The impact of -100 and -200 basis point reductions in interest rates is not presented in view of current level of the federal funds rate and other short-term interest rates.

Future net interest income could be affected by the Company’s investments in callable securities, prepayment risk related to mortgage loans and mortgage-backed securities, and any structured repurchase agreements and advances from the FHLB-NY in which it may enter into from time to time. As part of the strategy to limit the interest rate risk and reduce the re-pricing gaps of the Company’s assets and liabilities, the Company has executed certain transactions which include extending the maturity and the re-pricing frequency of the liabilities to longer terms reducing the amounts of its structured repurchase agreements and entering into hedge-designated swaps to hedge the variability of future interest cash flows of forecasted wholesale borrowings that only consist of advances from the FHLB-NY as of March 31, 2016.

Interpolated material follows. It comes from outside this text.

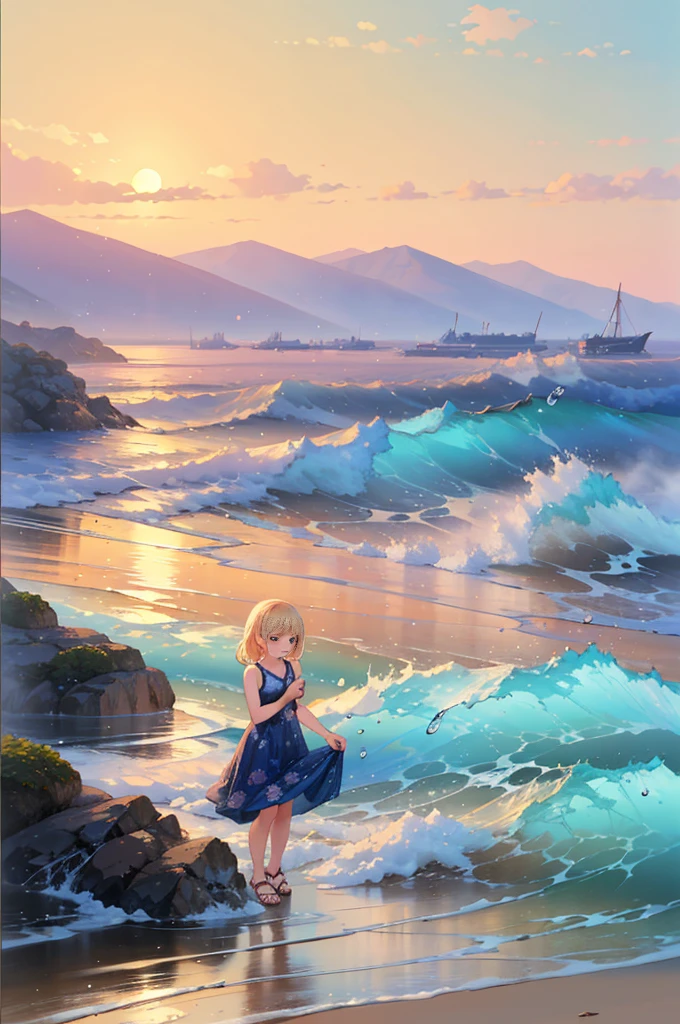 (8k,  super quality, masterpiece:1.2),  ultra high resolution,  One Woman , cute,  smaller breasts, blonde, Navy Blue Dress, Red floral pattern, Sandals, Hawaiian Dress, whole body, soaked,  like a ,  best smile, sea, sea水浴, Water Drop, whole bodyにWater Drop,  their chest is soaked in water , Lots of water, Water Play, 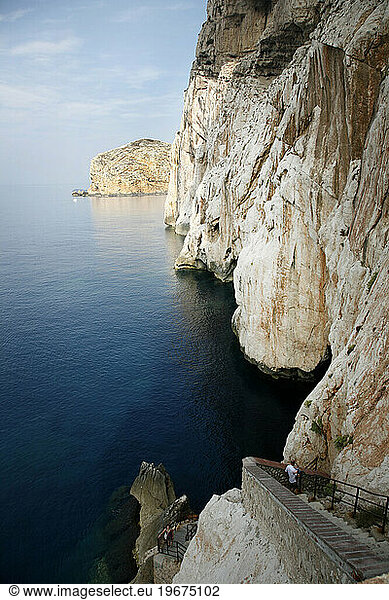 staircase that leads to the grottos in Capo Caccia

The Company maintains an overall interest rate risk management strategy that incorporates the use of derivative instruments to minimize significant unplanned fluctuations in earnings that are caused by interest rate volatility. The Company’s goal is to manage interest rate sensitivity by modifying the repricing or maturity characteristics of certain balance sheet assets and liabilities so that the net interest margin is not, on a material basis, adversely affected by movements in interest rates. As a result of interest rate fluctuations, hedged fixed-rate assets and liabilities will appreciate or depreciate in market value. Also, for some fixed-rate assets or liabilities, the effect of this variability in earnings is expected to be substantially offset by the Company’s gains and losses on the derivative instruments that are linked to the forecasted cash flows of these hedged assets and liabilities. The Company considers its strategic use of derivatives to be a prudent method of managing interest-rate sensitivity as it reduces the exposure of earnings and the market value of its equity to undue risk posed by changes in interest rates. The effect of this unrealized appreciation or depreciation is expected to be substantially offset by the Company’s gains or losses on the derivative instruments that are linked to these hedged assets and liabilities. Another result of interest rate fluctuations is that the contractual interest income and interest expense of hedged variable-rate assets and liabilities, respectively, will increase or decrease.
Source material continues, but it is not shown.